### Problem description
Without the images, output every record exactly as it appears.

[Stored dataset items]

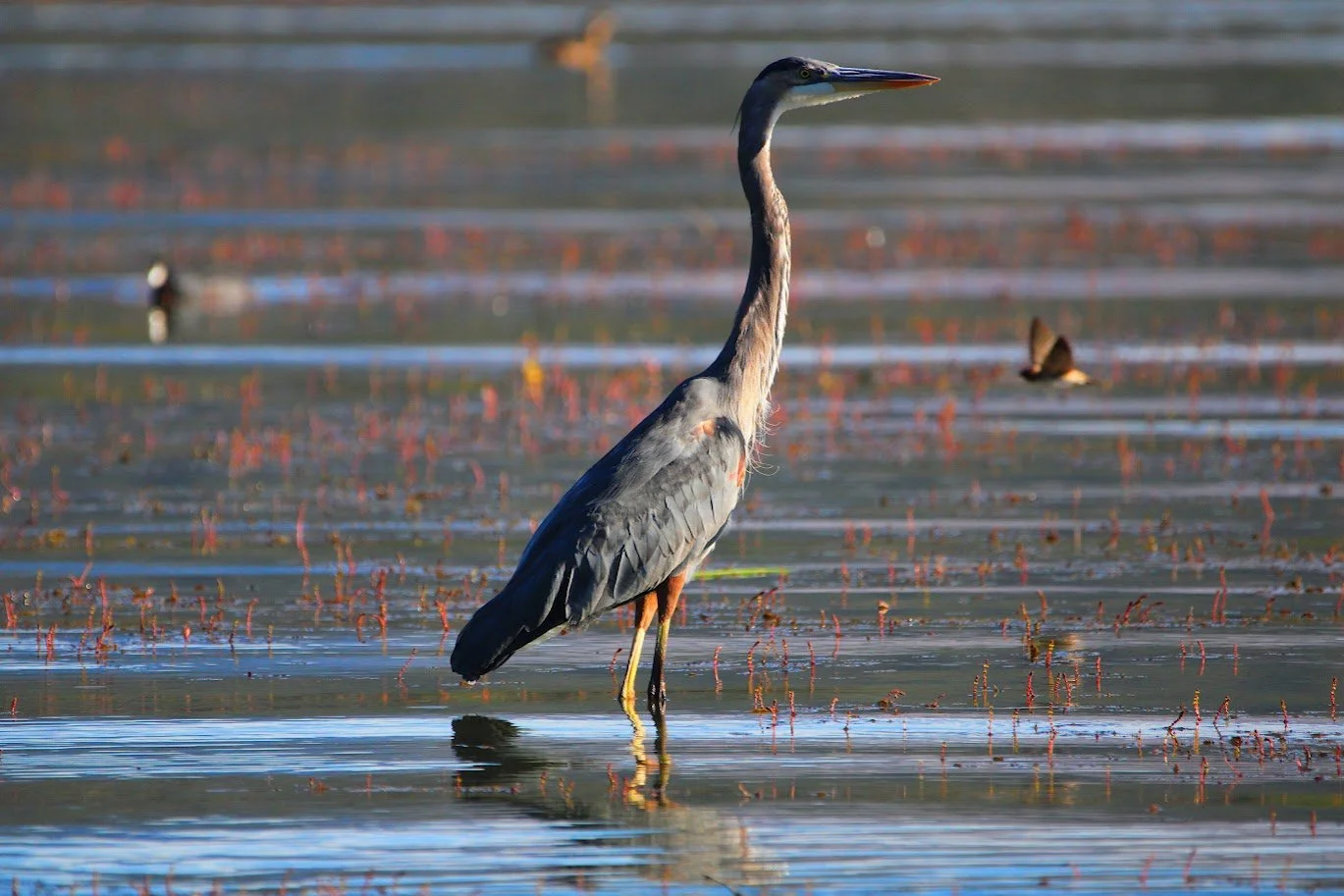wildheron17.JPG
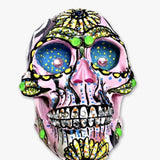 Hawaiian Rail Skull ( Hand Painted Sculpture )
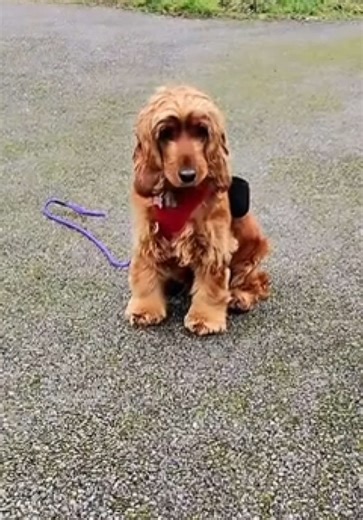 Meet Betsy🐶 This 16 month old Cocker Spaniel came into us for a session today, She was very difficult to walk on the leash and as usual we changed this. We focused a lot on slowing her mind down today as she is a big ball of energy, all she wanted to do was learn and she was a gift to train as can be seen in the clips shown. CONFIDENT OWNER CONFIDENT DOG💯 DM TO BOOK YOUR SESSION❗️ #dogtrainerdublin #DogTraining #fyp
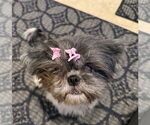 Small #1 Shih Tzu Mix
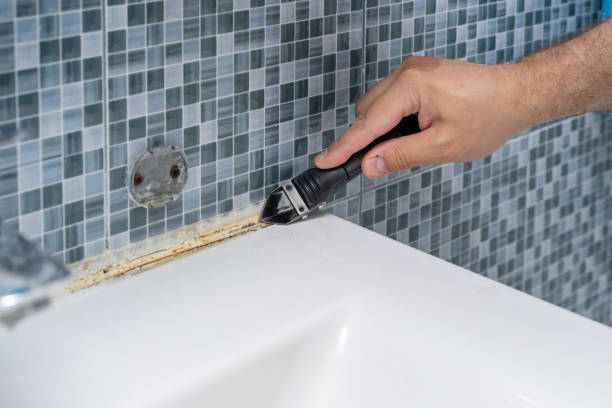 Best Certified Mold Removal  in Glenwood, GA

### Problem solution
wildheron17.JPG
 Hawaiian Rail Skull ( Hand Painted Sculpture )
 Meet Betsy🐶 This 16 month old Cocker Spaniel came into us for a session today, She was very difficult to walk on the leash and as usual we changed this. We focused a lot on slowing her mind down today as she is a big ball of energy, all she wanted to do was learn and she was a gift to train as can be seen in the clips shown. CONFIDENT OWNER CONFIDENT DOG💯 DM TO BOOK YOUR SESSION❗️ #dogtrainerdublin #DogTraining #fyp
 Small #1 Shih Tzu Mix
 Best Certified Mold Removal  in Glenwood, GA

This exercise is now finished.